## Work to be completed
For each entry below, please return its exact wording and leave out any picture.

(Pictures with short captions)
--- START ---

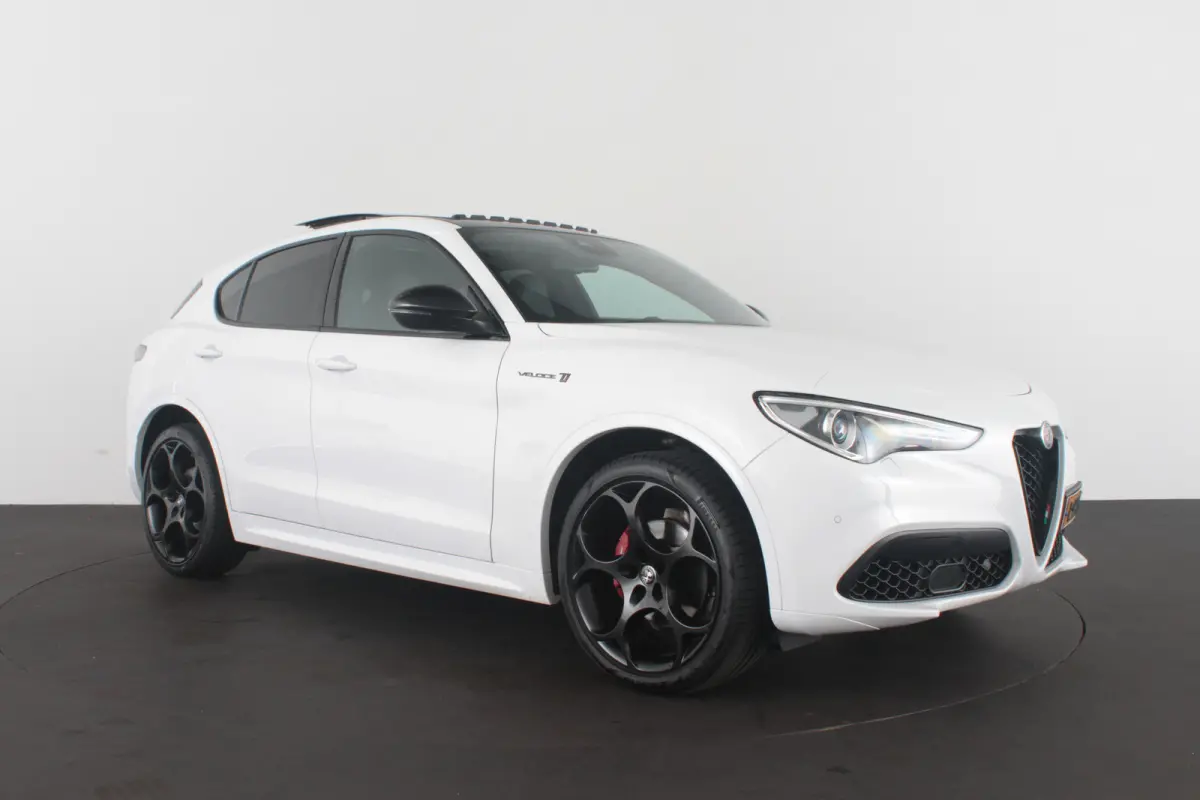 2.0 T AWD Veloce > 280pk/Akrapovic/Pano.schuif/21Inch Turismo/Trekhaak...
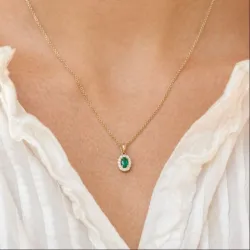 ovalt smaragd diamantanheng i 14 karat gull 0,25 ct 0,15 ct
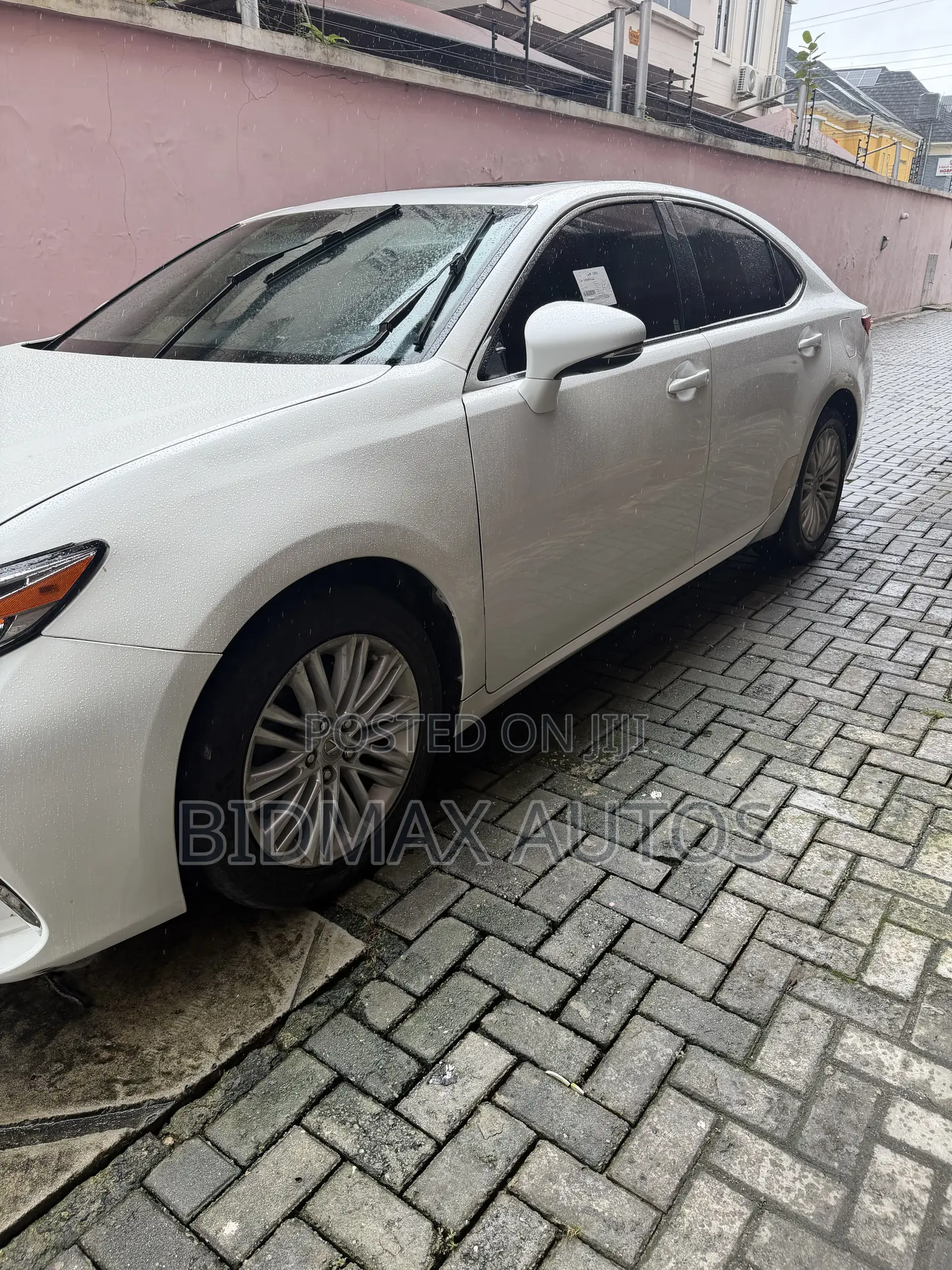 Lexus ES 350 FWD 2015 White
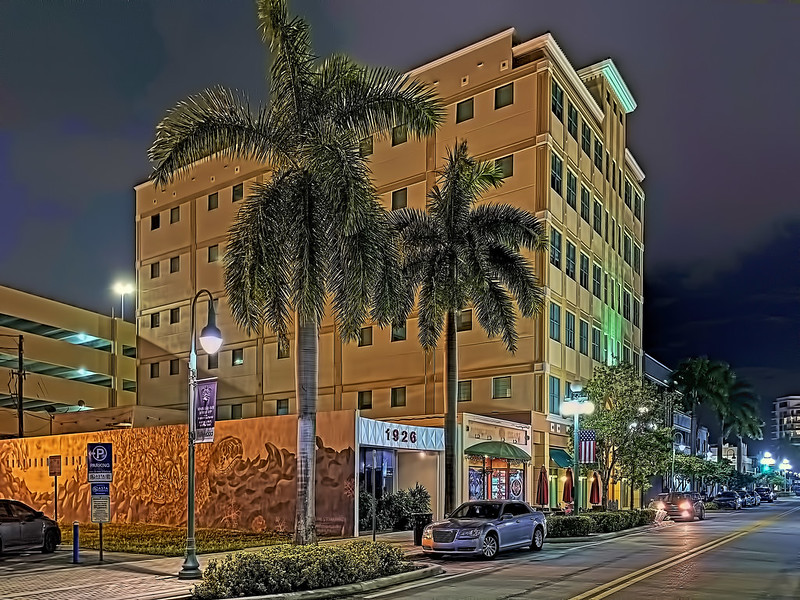 Harrison Executive Centre, 1930 Harrison Street, Hollywood, Florida, USA / Built: 2004 / Architect: Steven B Schwartz / Floors: 6 / Height: 68.83 ft / Building Usage: Commercial Office / Architectural Style: Postmodernism<br/>© <a href="https://flickr.com/people/126251698@N03" target="_blank" rel="nofollow">126251698@N03</a> (<a href="https://flickr.com/photo.gne?id=52100489236" target="_blank" rel="nofollow">Flickr</a>)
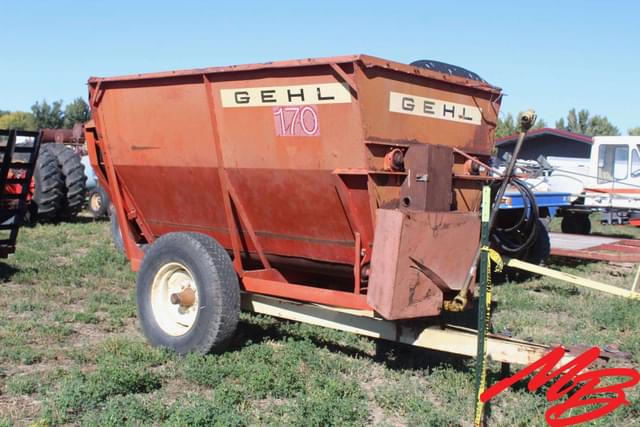 Image of Gehl 170 equipment image 4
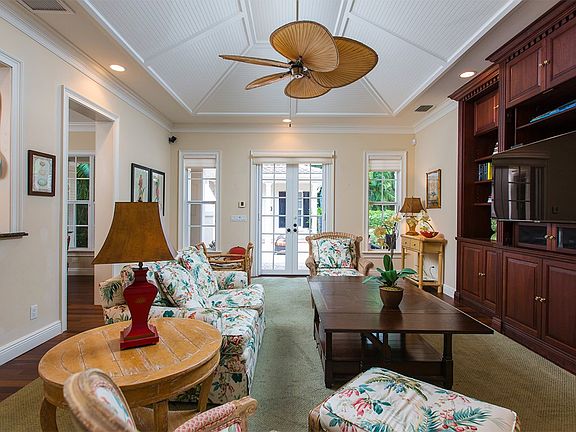 5th image of 210 Coconut Creek Ct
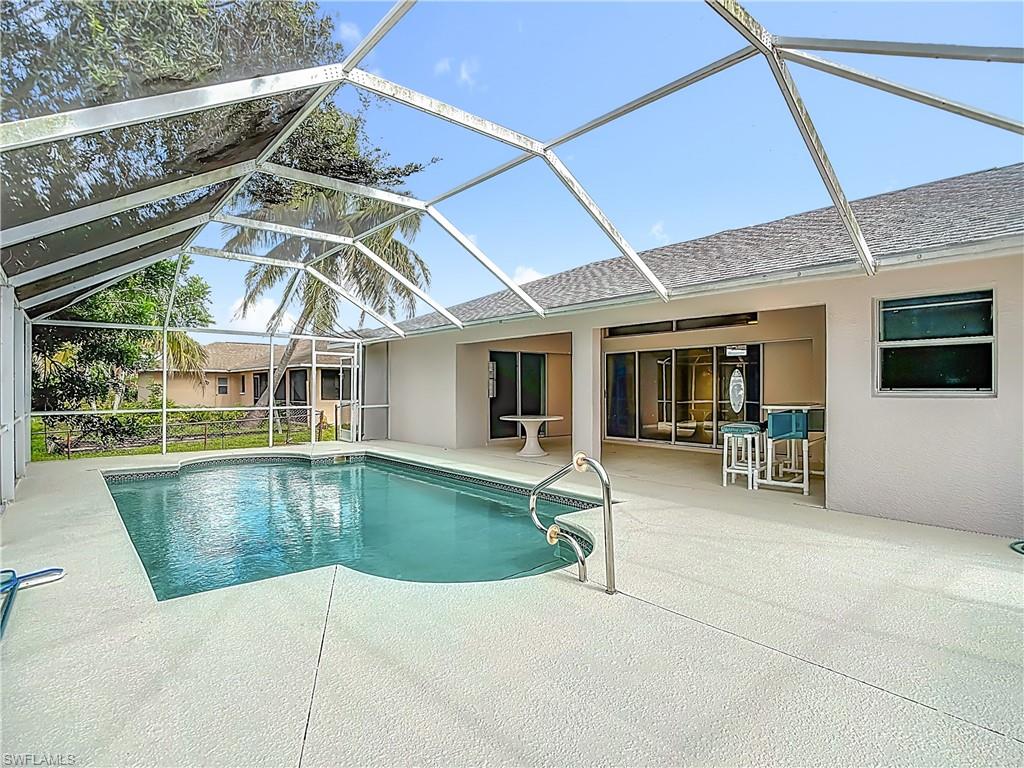 SAN CARLOS PARK - Residential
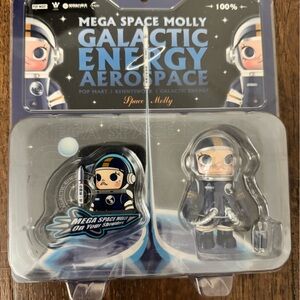 POP MART Mega Space Molly Galactic Energy Aero Space Figure - Blue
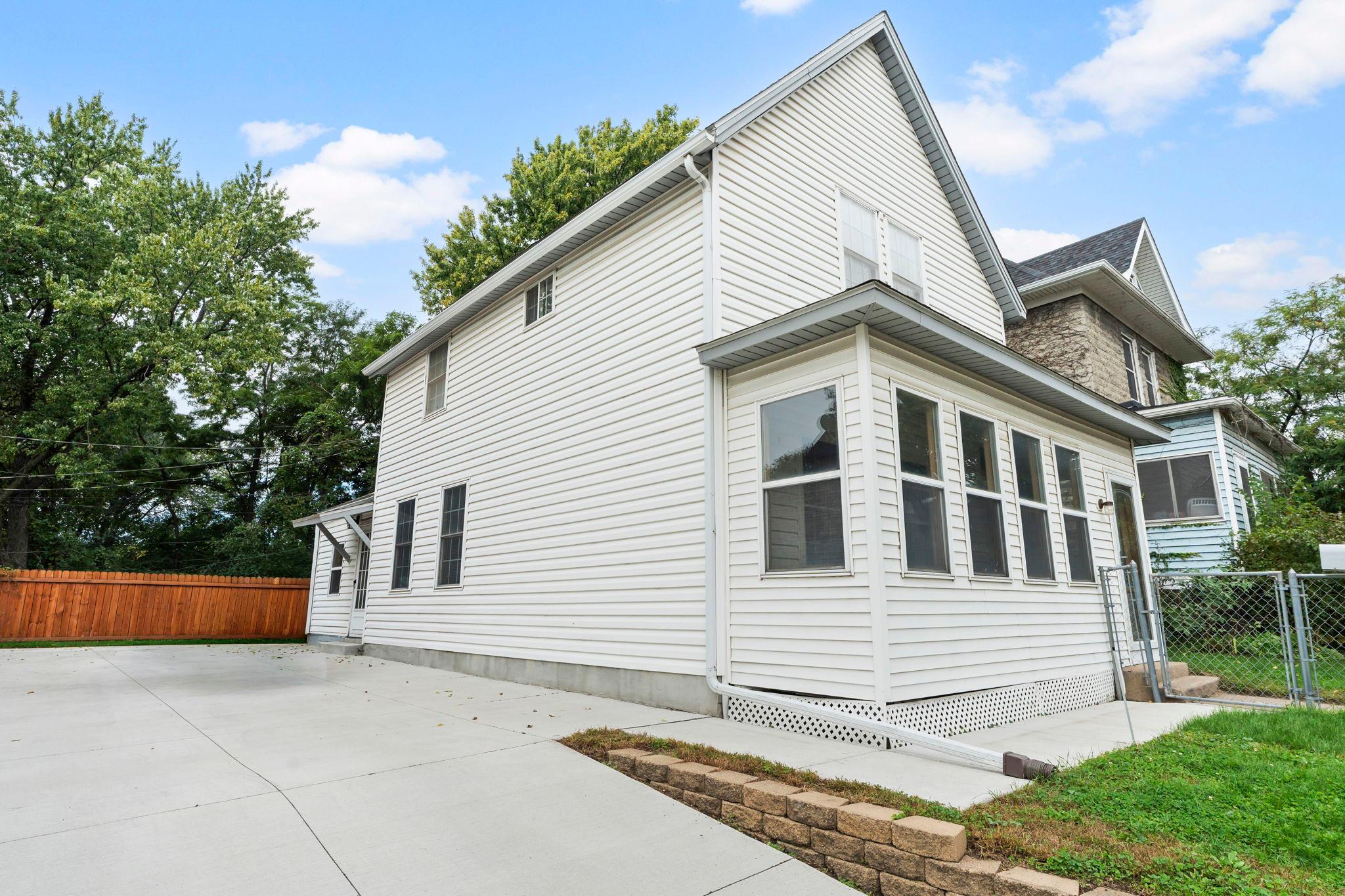 909 Park Street Property Photo 28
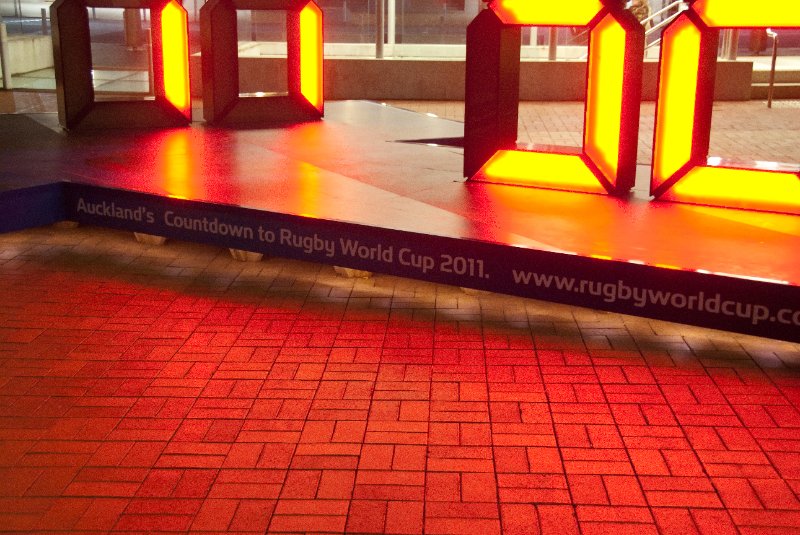 DSC_6216nn.jpg - Countdown clock to 2011 Rugby World Cup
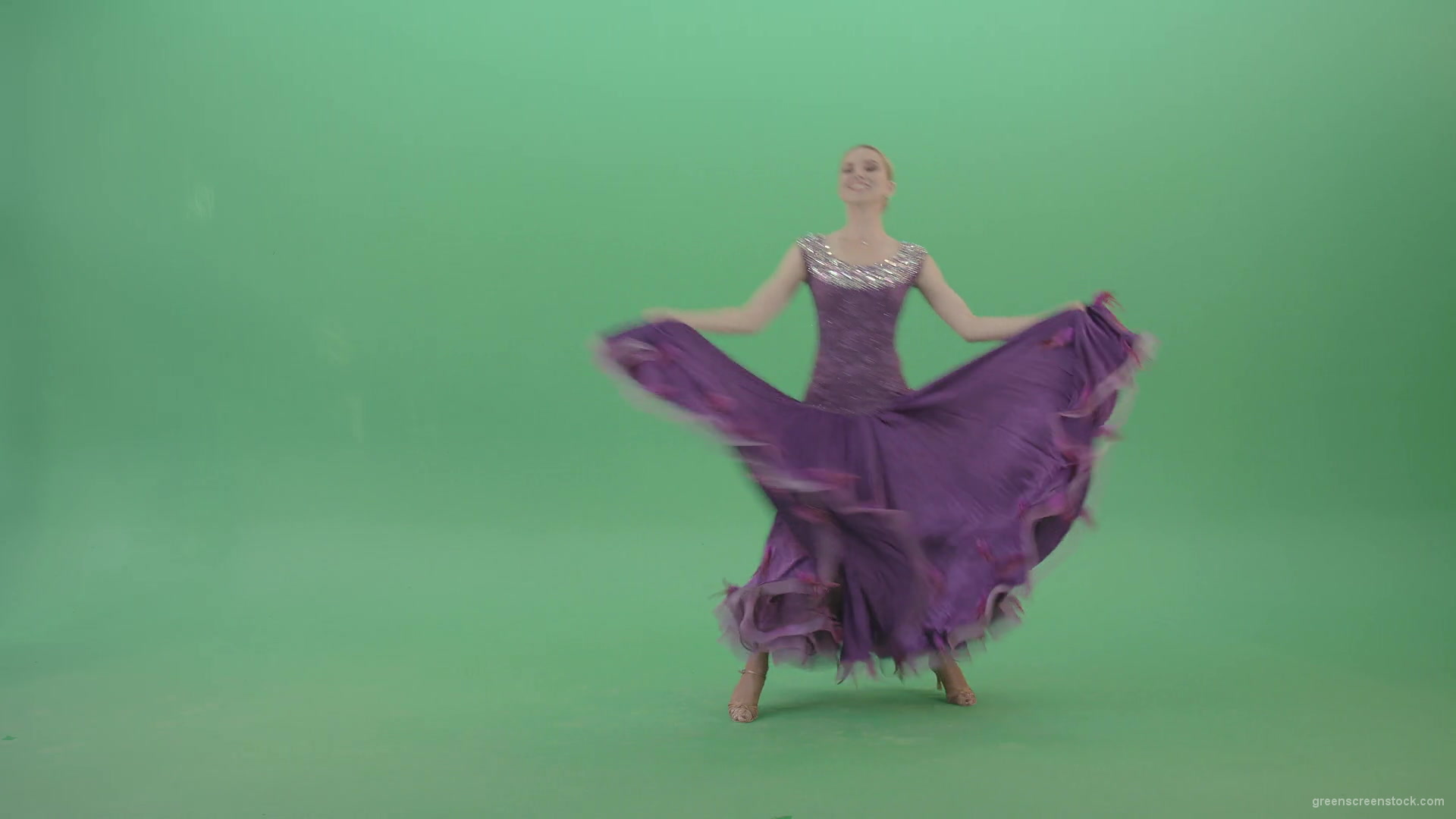 Elite-girl-in-violet-ballroom-dress-makes-reverence-bow-regards-on-green-screen-4K-Video-Footage-1920_005 Green Screen Stock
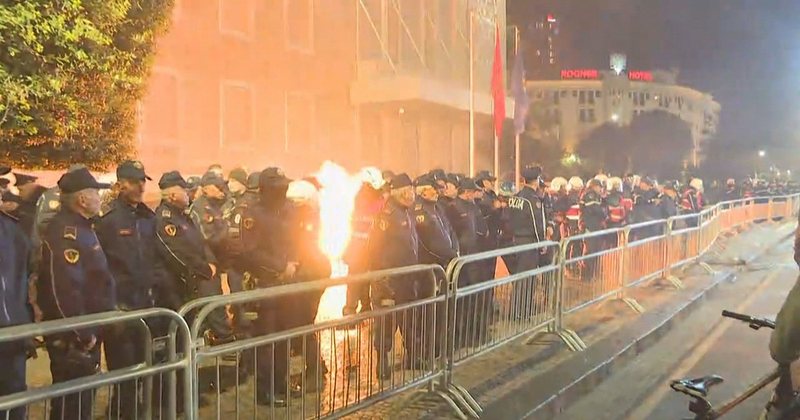 Militantët e Berishës hedhin molotov në fund të protestës, rrëzojnë gardhin metalik por largohen si “skutha”me kapuçe pas ardhjes së FNSH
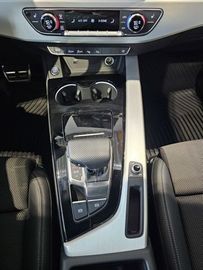 Car image 36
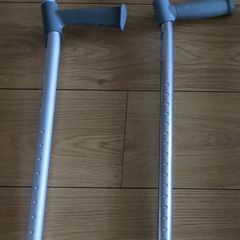 FREE Children's crutches to collect in Dundalk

--- END ---

## Problem solution
 2.0 T AWD Veloce > 280pk/Akrapovic/Pano.schuif/21Inch Turismo/Trekhaak...
 ovalt smaragd diamantanheng i 14 karat gull 0,25 ct 0,15 ct
 Lexus ES 350 FWD 2015 White
 Harrison Executive Centre, 1930 Harrison Street, Hollywood, Florida, USA / Built: 2004 / Architect: Steven B Schwartz / Floors: 6 / Height: 68.83 ft / Building Usage: Commercial Office / Architectural Style: Postmodernism<br/>© <a href="https://flickr.com/people/126251698@N03" target="_blank" rel="nofollow">126251698@N03</a> (<a href="https://flickr.com/photo.gne?id=52100489236" target="_blank" rel="nofollow">Flickr</a>)
 Image of Gehl 170 equipment image 4
 5th image of 210 Coconut Creek Ct
 SAN CARLOS PARK - Residential
 POP MART Mega Space Molly Galactic Energy Aero Space Figure - Blue
 909 Park Street Property Photo 28
 DSC_6216nn.jpg - Countdown clock to 2011 Rugby World Cup
 Elite-girl-in-violet-ballroom-dress-makes-reverence-bow-regards-on-green-screen-4K-Video-Footage-1920_005 Green Screen Stock
 Militantët e Berishës hedhin molotov në fund të protestës, rrëzojnë gardhin metalik por largohen si “skutha”me kapuçe pas ardhjes së FNSH
 Car image 36
 FREE Children's crutches to collect in Dundalk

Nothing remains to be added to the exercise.